- What to work on:
Nothing may be left out of the listing below but its images; repeat the rest exactly.

- Source data:
== Segment start ==

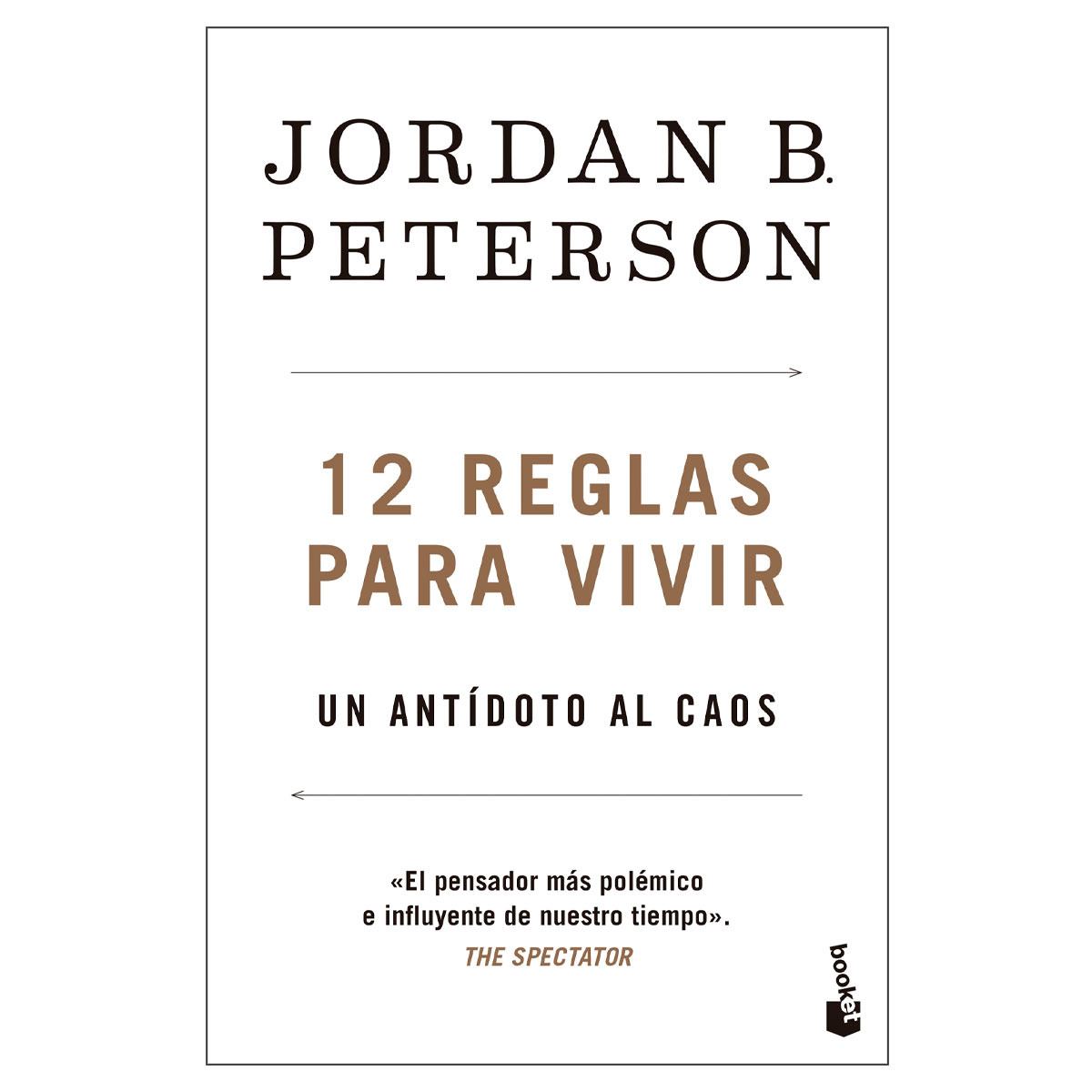 12 reglas para vivir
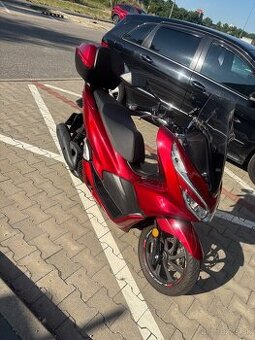 Honda PCX 125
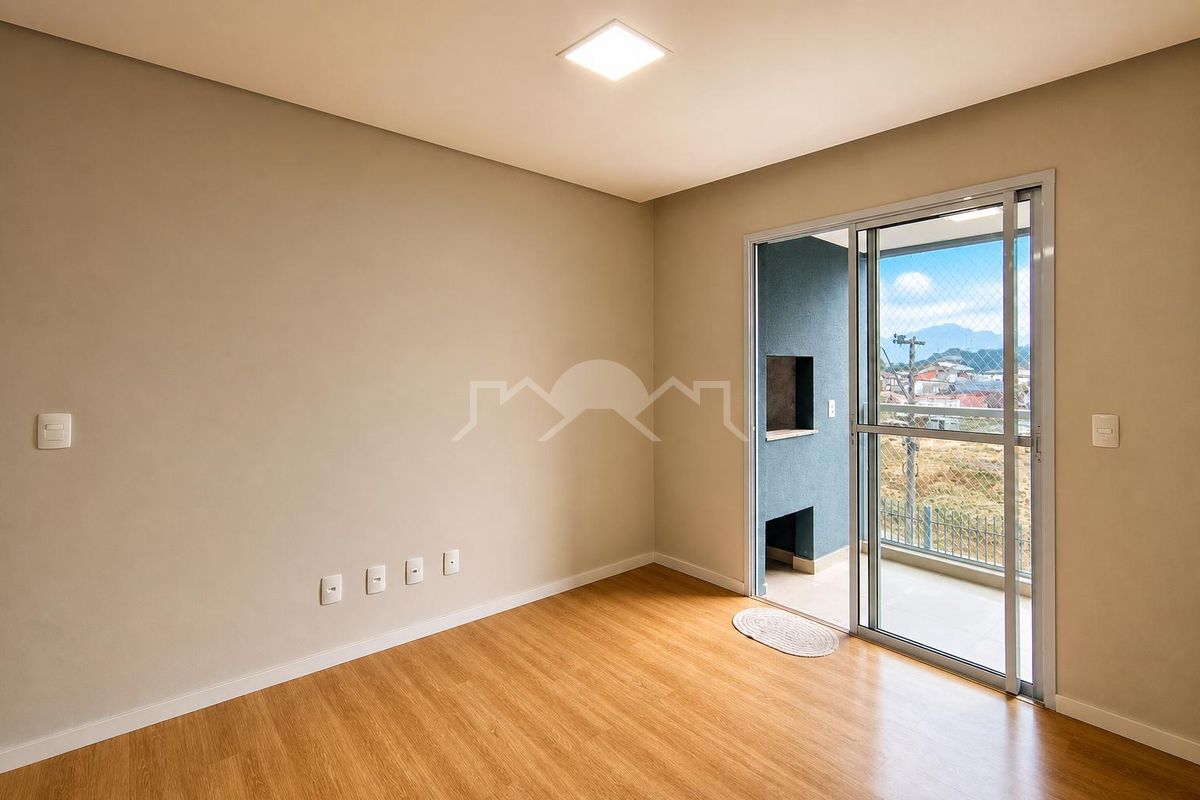 Apartamento, 2 quartos, 82 m² - Foto 6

== Segment end ==

- Solution to the exercise:
 12 reglas para vivir
 Honda PCX 125
 Apartamento, 2 quartos, 82 m² - Foto 6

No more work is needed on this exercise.